Genervte Strafkammer: Ende gut – alles gut?

Der zuständige Staatsanwalt atmet auf: Die Anklageschrift ist fertig. 20 Seiten auf Altpapier bedruckt sind im Geschäftsgang unterwegs zur Wirtschaftsstrafkammer. Die Staatsanwaltschaft wirft dem Angeschuldigten vor, Steuern in Höhe eines zweistelligen Millionenbetrages hinterzogen zu haben. Jetzt soll sich das Landgericht mit dem Zeug beschäftigen.

Allerdings hat der Vorsitzende, auf dessen Schreibtisch die Papierberge entsorgt wurden, noch die eine oder andere Nachfrage:

Ich kann mir sehr gut vorstellen, daß der Vorsitzende nach der Lektüre der Anklage und der beigefügten Ermittlungsakten ein 2 kg schweres Beißholz zu einem Zahnstocher verarbeitet hat, bevor er diese (nota bene: durchgehend höflich formulierte) „Klarstellungsbitte“ getippt hat.

Und dem Staatsanwalt, dem seine Schlamperei damit um die Ohren gehauen wurde, dürfte an einen spontanen Arztbesuch gedacht haben.

Aber am Ende wurde – zumindest für diesen Vorsitzenden – doch noch alles gut. Ihm ist es gelungen, das Verfahren an eine andere Strafkammer abzugeben. Dort wurde das Chaos zu einem anderen Durcheinander hinzuverbunden … an dem bereits ein anderer Vorsitzender gescheitert ist.

Wirtschaftsstrafsachen gelten als anspruchsvoll. Manchmal als zu anspruchsvoll für unsere Justiz.

Dieser Beitrag wurde unter Justiz, Richter, Staatsanwaltschaft veröffentlicht.

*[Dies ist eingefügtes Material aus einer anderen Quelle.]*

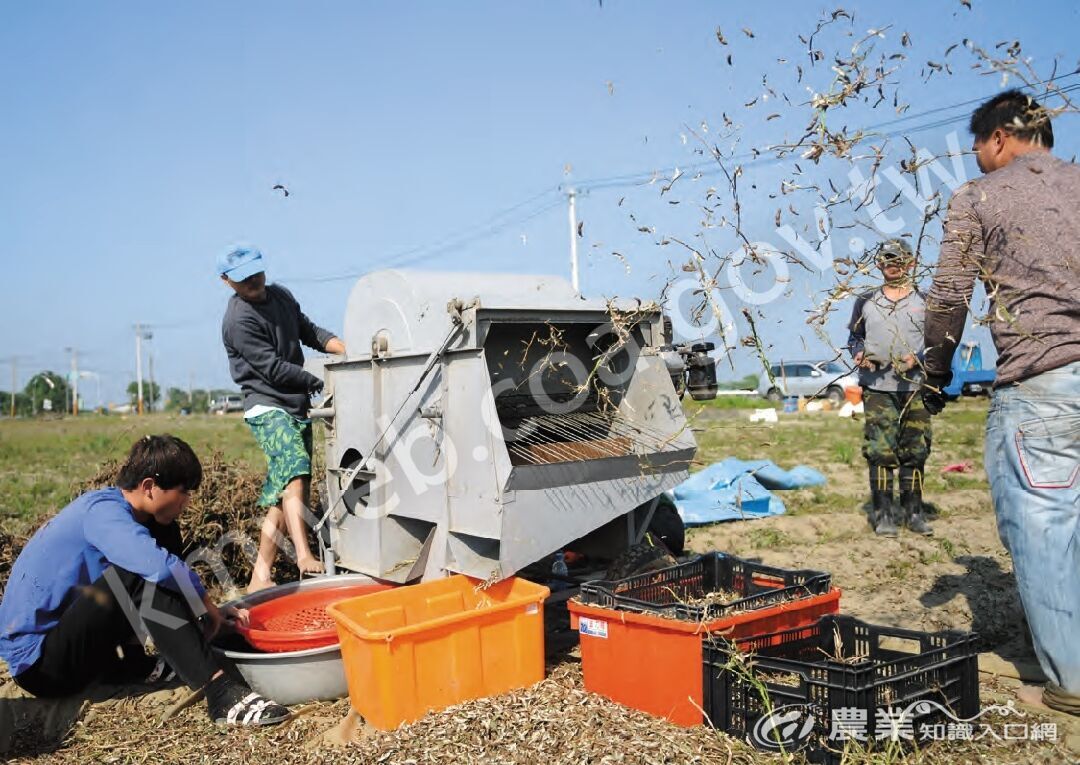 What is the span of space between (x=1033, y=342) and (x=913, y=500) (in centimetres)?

5 Antworten auf Genervte Strafkammer: Ende gut – alles gut?

  1. 1
    Der wahre T1000 says:

    Sie wollen damit sagen, dass, wenn man schon Leute oder das Finanzamt abzockt, man es möglichst umfangreich, verschleiert und mit vielen Leuten machen sollte? Und dann fähige Verteidiger gebraucht werden, die durch den Umfang der Sache die Justiz an der Nase herumführen können?

    Ich frag ja nur, so liest sich das zwischen den Zeilen…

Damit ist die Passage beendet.